* _SOURCE RECORDS_
════════════════════
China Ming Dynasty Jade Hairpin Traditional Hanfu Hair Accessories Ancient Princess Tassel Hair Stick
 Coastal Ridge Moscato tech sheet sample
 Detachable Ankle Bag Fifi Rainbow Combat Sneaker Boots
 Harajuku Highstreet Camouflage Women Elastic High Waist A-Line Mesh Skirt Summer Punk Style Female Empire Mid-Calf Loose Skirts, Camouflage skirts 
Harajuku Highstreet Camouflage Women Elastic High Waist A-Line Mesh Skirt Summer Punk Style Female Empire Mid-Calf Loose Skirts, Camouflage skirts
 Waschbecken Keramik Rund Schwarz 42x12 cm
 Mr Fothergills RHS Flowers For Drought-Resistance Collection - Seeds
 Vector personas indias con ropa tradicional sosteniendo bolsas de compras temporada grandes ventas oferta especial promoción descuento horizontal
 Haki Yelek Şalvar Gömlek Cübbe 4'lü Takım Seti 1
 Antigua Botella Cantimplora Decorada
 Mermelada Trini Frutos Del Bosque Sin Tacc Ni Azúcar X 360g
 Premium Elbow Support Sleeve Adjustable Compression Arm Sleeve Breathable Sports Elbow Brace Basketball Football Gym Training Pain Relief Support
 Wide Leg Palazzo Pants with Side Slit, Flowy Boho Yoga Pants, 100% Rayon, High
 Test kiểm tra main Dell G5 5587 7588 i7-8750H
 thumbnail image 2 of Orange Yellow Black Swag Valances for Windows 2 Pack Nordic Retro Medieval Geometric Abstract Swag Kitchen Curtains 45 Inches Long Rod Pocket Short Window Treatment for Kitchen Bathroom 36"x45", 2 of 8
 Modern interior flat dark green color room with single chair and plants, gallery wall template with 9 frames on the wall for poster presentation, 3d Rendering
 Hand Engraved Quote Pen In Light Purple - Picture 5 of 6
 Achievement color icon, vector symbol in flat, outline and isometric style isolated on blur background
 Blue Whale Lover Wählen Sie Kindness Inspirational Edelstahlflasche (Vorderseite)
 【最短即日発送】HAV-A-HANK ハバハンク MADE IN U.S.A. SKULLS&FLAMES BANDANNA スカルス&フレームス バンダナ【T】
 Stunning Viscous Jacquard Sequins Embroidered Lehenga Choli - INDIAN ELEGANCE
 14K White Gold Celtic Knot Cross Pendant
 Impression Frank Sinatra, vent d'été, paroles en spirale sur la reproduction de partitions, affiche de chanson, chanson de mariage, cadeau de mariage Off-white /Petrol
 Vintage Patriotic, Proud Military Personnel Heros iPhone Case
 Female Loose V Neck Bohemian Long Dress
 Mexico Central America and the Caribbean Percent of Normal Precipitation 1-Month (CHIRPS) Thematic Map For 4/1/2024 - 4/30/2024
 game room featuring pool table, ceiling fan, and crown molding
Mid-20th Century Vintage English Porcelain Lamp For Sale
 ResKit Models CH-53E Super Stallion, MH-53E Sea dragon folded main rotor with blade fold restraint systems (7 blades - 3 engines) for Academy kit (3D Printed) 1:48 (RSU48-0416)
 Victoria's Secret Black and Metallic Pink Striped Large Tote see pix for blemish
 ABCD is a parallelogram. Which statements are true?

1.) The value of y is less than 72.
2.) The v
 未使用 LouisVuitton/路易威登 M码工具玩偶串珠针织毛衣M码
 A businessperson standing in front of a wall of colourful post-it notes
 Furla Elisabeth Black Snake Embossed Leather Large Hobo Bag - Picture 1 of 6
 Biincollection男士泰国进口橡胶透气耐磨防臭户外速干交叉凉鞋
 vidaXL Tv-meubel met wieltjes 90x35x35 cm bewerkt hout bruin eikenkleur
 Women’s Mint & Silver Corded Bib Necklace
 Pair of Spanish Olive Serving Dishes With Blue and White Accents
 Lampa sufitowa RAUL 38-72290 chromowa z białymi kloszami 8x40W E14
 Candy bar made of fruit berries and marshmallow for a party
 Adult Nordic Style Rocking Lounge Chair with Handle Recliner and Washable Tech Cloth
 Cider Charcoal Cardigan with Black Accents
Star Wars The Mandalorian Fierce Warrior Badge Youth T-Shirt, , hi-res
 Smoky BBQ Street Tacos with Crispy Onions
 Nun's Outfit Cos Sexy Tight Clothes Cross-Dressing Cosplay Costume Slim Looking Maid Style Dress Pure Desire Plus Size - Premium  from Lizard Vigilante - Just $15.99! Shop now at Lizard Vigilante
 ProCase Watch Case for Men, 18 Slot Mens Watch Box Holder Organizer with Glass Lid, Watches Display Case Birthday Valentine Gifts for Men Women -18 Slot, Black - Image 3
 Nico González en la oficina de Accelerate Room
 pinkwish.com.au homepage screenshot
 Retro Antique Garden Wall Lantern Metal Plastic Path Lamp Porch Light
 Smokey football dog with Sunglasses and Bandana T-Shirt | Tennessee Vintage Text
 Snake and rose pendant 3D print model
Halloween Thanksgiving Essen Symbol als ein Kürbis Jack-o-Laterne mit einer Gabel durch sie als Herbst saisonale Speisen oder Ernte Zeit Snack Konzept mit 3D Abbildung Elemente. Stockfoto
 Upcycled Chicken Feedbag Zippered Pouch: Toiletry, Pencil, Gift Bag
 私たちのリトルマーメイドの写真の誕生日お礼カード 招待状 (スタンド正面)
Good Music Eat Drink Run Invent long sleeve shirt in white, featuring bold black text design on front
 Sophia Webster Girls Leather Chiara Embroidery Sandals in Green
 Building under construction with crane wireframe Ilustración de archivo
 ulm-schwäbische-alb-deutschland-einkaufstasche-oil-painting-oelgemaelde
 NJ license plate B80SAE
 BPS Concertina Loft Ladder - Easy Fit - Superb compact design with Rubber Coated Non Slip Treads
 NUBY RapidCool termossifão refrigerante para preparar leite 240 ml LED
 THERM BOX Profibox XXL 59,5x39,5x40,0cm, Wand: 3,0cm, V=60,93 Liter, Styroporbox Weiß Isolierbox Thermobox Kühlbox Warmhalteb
════════════════════
Now that the records have been shown, restate each one word for word.

China Ming Dynasty Jade Hairpin Traditional Hanfu Hair Accessories Ancient Princess Tassel Hair Stick
 Coastal Ridge Moscato tech sheet sample
 Detachable Ankle Bag Fifi Rainbow Combat Sneaker Boots
 Harajuku Highstreet Camouflage Women Elastic High Waist A-Line Mesh Skirt Summer Punk Style Female Empire Mid-Calf Loose Skirts, Camouflage skirts 
Harajuku Highstreet Camouflage Women Elastic High Waist A-Line Mesh Skirt Summer Punk Style Female Empire Mid-Calf Loose Skirts, Camouflage skirts
 Waschbecken Keramik Rund Schwarz 42x12 cm
 Mr Fothergills RHS Flowers For Drought-Resistance Collection - Seeds
 Vector personas indias con ropa tradicional sosteniendo bolsas de compras temporada grandes ventas oferta especial promoción descuento horizontal
 Haki Yelek Şalvar Gömlek Cübbe 4'lü Takım Seti 1
 Antigua Botella Cantimplora Decorada
 Mermelada Trini Frutos Del Bosque Sin Tacc Ni Azúcar X 360g
 Premium Elbow Support Sleeve Adjustable Compression Arm Sleeve Breathable Sports Elbow Brace Basketball Football Gym Training Pain Relief Support
 Wide Leg Palazzo Pants with Side Slit, Flowy Boho Yoga Pants, 100% Rayon, High
 Test kiểm tra main Dell G5 5587 7588 i7-8750H
 thumbnail image 2 of Orange Yellow Black Swag Valances for Windows 2 Pack Nordic Retro Medieval Geometric Abstract Swag Kitchen Curtains 45 Inches Long Rod Pocket Short Window Treatment for Kitchen Bathroom 36"x45", 2 of 8
 Modern interior flat dark green color room with single chair and plants, gallery wall template with 9 frames on the wall for poster presentation, 3d Rendering
 Hand Engraved Quote Pen In Light Purple - Picture 5 of 6
 Achievement color icon, vector symbol in flat, outline and isometric style isolated on blur background
 Blue Whale Lover Wählen Sie Kindness Inspirational Edelstahlflasche (Vorderseite)
 【最短即日発送】HAV-A-HANK ハバハンク MADE IN U.S.A. SKULLS&FLAMES BANDANNA スカルス&フレームス バンダナ【T】
 Stunning Viscous Jacquard Sequins Embroidered Lehenga Choli - INDIAN ELEGANCE
 14K White Gold Celtic Knot Cross Pendant
 Impression Frank Sinatra, vent d'été, paroles en spirale sur la reproduction de partitions, affiche de chanson, chanson de mariage, cadeau de mariage Off-white /Petrol
 Vintage Patriotic, Proud Military Personnel Heros iPhone Case
 Female Loose V Neck Bohemian Long Dress
 Mexico Central America and the Caribbean Percent of Normal Precipitation 1-Month (CHIRPS) Thematic Map For 4/1/2024 - 4/30/2024
 game room featuring pool table, ceiling fan, and crown molding
Mid-20th Century Vintage English Porcelain Lamp For Sale
 ResKit Models CH-53E Super Stallion, MH-53E Sea dragon folded main rotor with blade fold restraint systems (7 blades - 3 engines) for Academy kit (3D Printed) 1:48 (RSU48-0416)
 Victoria's Secret Black and Metallic Pink Striped Large Tote see pix for blemish
 ABCD is a parallelogram. Which statements are true?

1.) The value of y is less than 72.
2.) The v
 未使用 LouisVuitton/路易威登 M码工具玩偶串珠针织毛衣M码
 A businessperson standing in front of a wall of colourful post-it notes
 Furla Elisabeth Black Snake Embossed Leather Large Hobo Bag - Picture 1 of 6
 Biincollection男士泰国进口橡胶透气耐磨防臭户外速干交叉凉鞋
 vidaXL Tv-meubel met wieltjes 90x35x35 cm bewerkt hout bruin eikenkleur
 Women’s Mint & Silver Corded Bib Necklace
 Pair of Spanish Olive Serving Dishes With Blue and White Accents
 Lampa sufitowa RAUL 38-72290 chromowa z białymi kloszami 8x40W E14
 Candy bar made of fruit berries and marshmallow for a party
 Adult Nordic Style Rocking Lounge Chair with Handle Recliner and Washable Tech Cloth
 Cider Charcoal Cardigan with Black Accents
Star Wars The Mandalorian Fierce Warrior Badge Youth T-Shirt, , hi-res
 Smoky BBQ Street Tacos with Crispy Onions
 Nun's Outfit Cos Sexy Tight Clothes Cross-Dressing Cosplay Costume Slim Looking Maid Style Dress Pure Desire Plus Size - Premium  from Lizard Vigilante - Just $15.99! Shop now at Lizard Vigilante
 ProCase Watch Case for Men, 18 Slot Mens Watch Box Holder Organizer with Glass Lid, Watches Display Case Birthday Valentine Gifts for Men Women -18 Slot, Black - Image 3
 Nico González en la oficina de Accelerate Room
 pinkwish.com.au homepage screenshot
 Retro Antique Garden Wall Lantern Metal Plastic Path Lamp Porch Light
 Smokey football dog with Sunglasses and Bandana T-Shirt | Tennessee Vintage Text
 Snake and rose pendant 3D print model
Halloween Thanksgiving Essen Symbol als ein Kürbis Jack-o-Laterne mit einer Gabel durch sie als Herbst saisonale Speisen oder Ernte Zeit Snack Konzept mit 3D Abbildung Elemente. Stockfoto
 Upcycled Chicken Feedbag Zippered Pouch: Toiletry, Pencil, Gift Bag
 私たちのリトルマーメイドの写真の誕生日お礼カード 招待状 (スタンド正面)
Good Music Eat Drink Run Invent long sleeve shirt in white, featuring bold black text design on front
 Sophia Webster Girls Leather Chiara Embroidery Sandals in Green
 Building under construction with crane wireframe Ilustración de archivo
 ulm-schwäbische-alb-deutschland-einkaufstasche-oil-painting-oelgemaelde
 NJ license plate B80SAE
 BPS Concertina Loft Ladder - Easy Fit - Superb compact design with Rubber Coated Non Slip Treads
 NUBY RapidCool termossifão refrigerante para preparar leite 240 ml LED
 THERM BOX Profibox XXL 59,5x39,5x40,0cm, Wand: 3,0cm, V=60,93 Liter, Styroporbox Weiß Isolierbox Thermobox Kühlbox Warmhalteb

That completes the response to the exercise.